Equimum · 08/01/2021 18:22

No live interaction. Our Yr3 child has 2-3 recorded lessons to watch each day, ranging from 20 to 45 minutes. He then does the exercise afterwards. Other subjects are worksheets or watching an online video and completing a task.
Our Reception child has a live Maths and Phonics session everyday, then a short exercise. The rest of his activities are chosen from one of two grids.

ClaudiasWinkleMan · 08/01/2021 18:23

I’m actually very close to handing in my notice. I’ve had enough. I’m CV in school and I know for a fact at least 5 in have 1 parent on furlough. We have most classes almost full. 29 in one class. In London where 1 in 30 have Covid and hospitals at capacity. We have 20% staff off with Covid. Over 60% kids in school. Only a matter of time before we have to start closing bubbles and those that genuinely need a place won’t have one, that includes the ICU nurse parent if a child in my class. Putting more strain on out local hospital. But you know Dfe guidance says that’s ok. It’s like the government just paid lip service to schools closing as making it very difficult to refuse placed on their guidance.
I know that it’s hard I’m having to leave my children alone at home to homeschool so I can go in to work to babysit lazy arseholes kids. I can’t send mine in as it will mean my family mixing with over 100 other households as my youngest class in primary has 27 in, my class has 23 and my eldest at secondary. Both myself and husband are key workers and unable to work from home. We are breaking our backs to make things work, doing a full day in work then helping with home schooling when we get in. But the parents in my school are sat at home on furlough taking up places.
This lockdown will last until at least Easter if everyone keeps behaving like this.
I really don’t know how much more of this I can take.

Purpl · 08/01/2021 18:27

Year 11 and literally had about 30 mins a day of work set and nothing for months for some subjects. Finally next week we will get 3 hours a week of live learning. Prob only because government put in a requirement. The school things it down to us but we both working full time and we cannot take this on. As a result my child is now depressed with no structure and can barely be bothered to get out of bed and brush hair. When they returned last term she was so happy she worked really hard. I just so upset. Other local comps have all day lessons online and work set.
We are simply not all in same boat.
How do I complain to ofsted ? Will it make any difference ? I’ve written several times to the school and phoned as have others

onedogatoddlerandababy · 08/01/2021 18:28

Mine (yrs 2&4) have around 30-45mins of live teaching every day. The younger one also has 30mins twice a week as catch up with class, they did show & tell today.

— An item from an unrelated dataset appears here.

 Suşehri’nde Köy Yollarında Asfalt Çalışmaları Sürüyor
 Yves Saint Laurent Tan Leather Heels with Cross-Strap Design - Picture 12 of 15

Other than that daily English/maths/history this week via teams, either photographing and uploading work or completing in word and attaching that.

It’s been brilliant this week, bit of confusion for the younger one today, but they can do most on their own, which lets me get on and work.

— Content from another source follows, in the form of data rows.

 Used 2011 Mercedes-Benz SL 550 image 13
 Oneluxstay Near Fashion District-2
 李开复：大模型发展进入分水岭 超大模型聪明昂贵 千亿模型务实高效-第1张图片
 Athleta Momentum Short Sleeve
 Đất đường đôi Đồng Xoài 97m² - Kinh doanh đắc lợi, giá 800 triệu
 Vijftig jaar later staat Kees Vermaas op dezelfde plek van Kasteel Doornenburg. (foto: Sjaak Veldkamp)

pollymere · 08/01/2021 18:29

I'm teaching 5 hrs a day. Some lessons are full on live teaching whilst others may start with live teaching and then move into online tasks. I've also got lessons where they do a task and then come back to talk about what they did.

Meinmytree · 08/01/2021 18:30

Teachers has ZERO notice to completely redo their planning. They are once again having to work with a method of teaching with which they weren't trained for, and may not be comfortable with. They may well be having to home school their own kids at the same time. Many are in school still, teaching the key worker kids and vulnerable kids who are still in school - that's a lot of juggling going on.

PURPLEPENGUINS · 08/01/2021 18:33

My DS4 (KS2) has a lot of live online learning. 1hr English and 1 hr maths every day plus 1 hr each of PE, Music, Science, Art and PSHE spread over the week. He also has Google classroom activities. Trouble with that is sharing the laptop with DS2 and DS3 (KS4) who don't have the live teaching but do have assignments to complete on Google classroom.

clareken260 · 08/01/2021 18:34

My youngest GD is in Reception. She has 3x10 minute zoom sessions, with worksheets to follow, and a 15 minute story session at the end of the school day.